Well, then, if that’s what linebreeding really is, why is it that you can go to commercial breeding sites all over the internet and find it defined incorrectly–as a function of generational distance?

First, it’s important to understand that pedigree has no place in the science of inheritance. It has nothing whatever to do with genetics or its terminology. It was created out of whole cloth in the middle of the industrial revolution as part of an institutional structure for the new pure-breeding model. This was a time, don’t forget, when naturalists all over Europe, including Charles Darwin well into the 19th century, were preoccupied with exploring the biological frontiers of hybrid breeding–of crossing different varieties.

Besides wanting to see how weird a pigeon could look, they were interested in where to draw the lines between species. They had spirited debates in the Royal Academy about whether species difference should be inferred from the infertility of offspring, on the one hand, or, on the other hand, the inability of manifestly differing parents to reproduce at all. Hybrid breeding of English racehorses had been the dominant approach earlier in the 18th century, but the new pedigree breeding was at best tangential to prevailing, early 19th-century scientific interest.

At mid-century when Darwin was focused on how species adapt to their environments, the English Jockey Club had its hands full trying to adapt the racing environment to unanticipated changes in the population of pedigreed horses–and in such a way as to sustain the pretense that the horses were actually getting better in some absolute sense. Meanwhile, successive generations of horsemen since the first half of the 19th century have complained that the horses are not what they used to be, and they’ve been right all along.

Historically, the emergence of pedigree is understandable only from the standpoint of its commercial utility. Its form of development has been oriented, first and foremost, toward limiting the size and regulating the commercial value of living populations. The changing conditions of racing that at any given time reflect the thoroughbred population’s capacity for performance, the forms of genetic representation, typographical conventions, statistical formulations, cataloguing styles, pedigree analysis, and the terminology in which thoroughbred horses are discussed all comprise the system of signifying practices we call pedigree.

What does it all signify? It very convincingly signifies commercial value even if it’s not that good at predicting performance.
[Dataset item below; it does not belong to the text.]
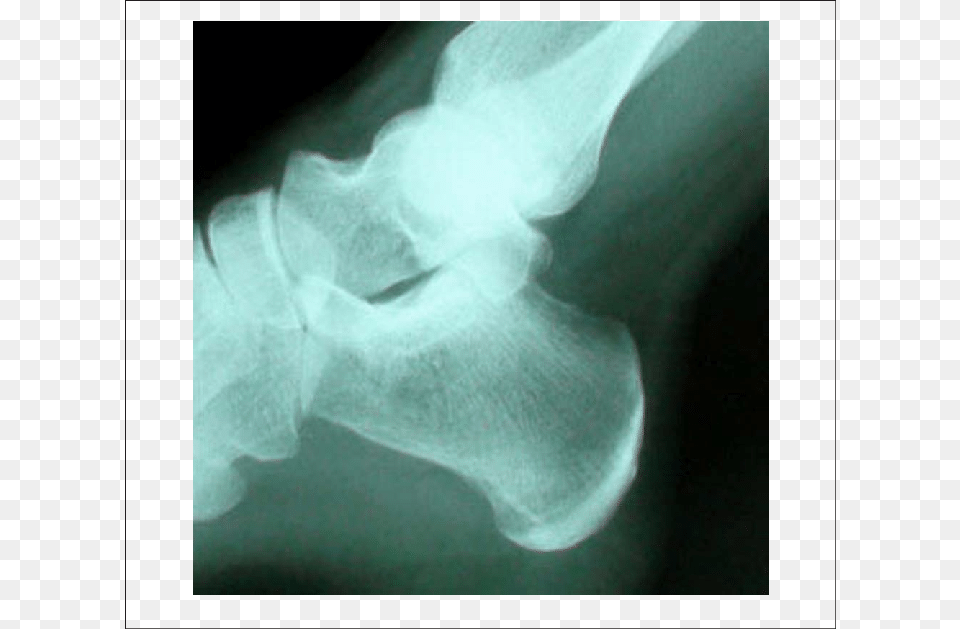 Radiograph Before Shock Wave Therapy Radiography, Person, X-ray Free Png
The new sense of pedigree, as represented by the English Stud Book, had much to do with the emerging industrial values of efficiency and scale, but it was also a form of commercial packaging. For the most part, science is welcomed to the party only at times when commerce has run so far afoul of biology that something needs to be fixed.
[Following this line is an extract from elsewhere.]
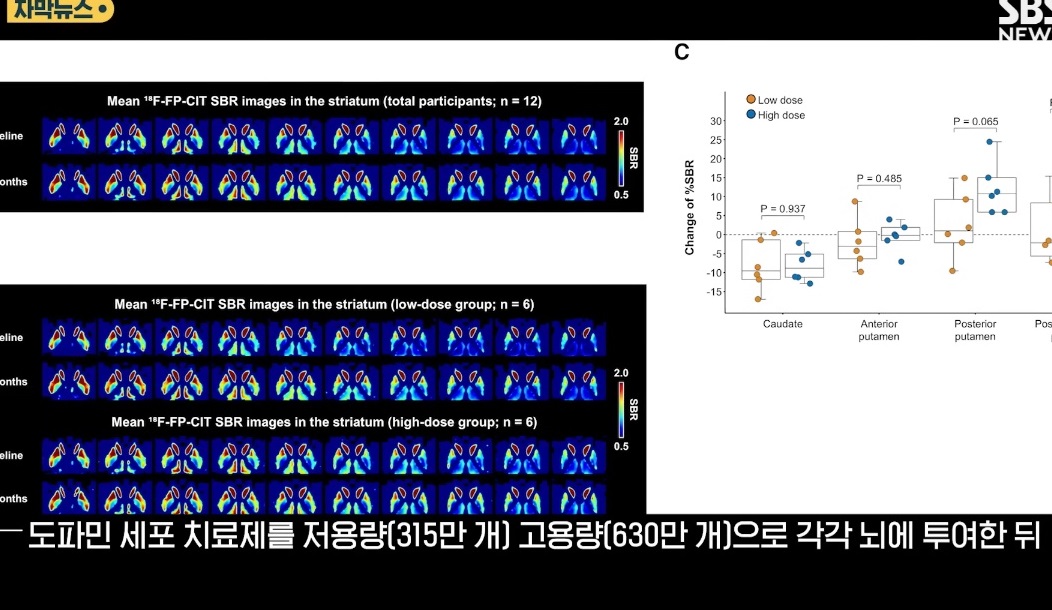 EBS-명의-파킨슨-장진우-교수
It’s not surprising, then, that linebreeding would be understood one way in a system of practices whose purpose is to represent its measurable effects and quite another way in a system whose purpose is to invest it with commercial value. Accordingly, linebreeding is a salient technique in the packaging of pedigree. Because inbreeding has a bad name in the world at large, commercial breeders, whether of dogs, cattle, whatever, don’t want to say the animals they’re selling are inbred. Instead, they say their animals are linebred, and they’re careful to make sure the breeding fits the definition that’s been especially adapted to the commercial interest in pedigree. It’s really just inbreeding packaged to sell.

To their credit, thoroughbred breeders are not so squeamish about inbreeding, but the commercial motives underlying pedigree so forcefully distort language and sense that the perception of linebreeding as a specialized–and often more intense–form of inbreeding has been almost hopelessly suppressed.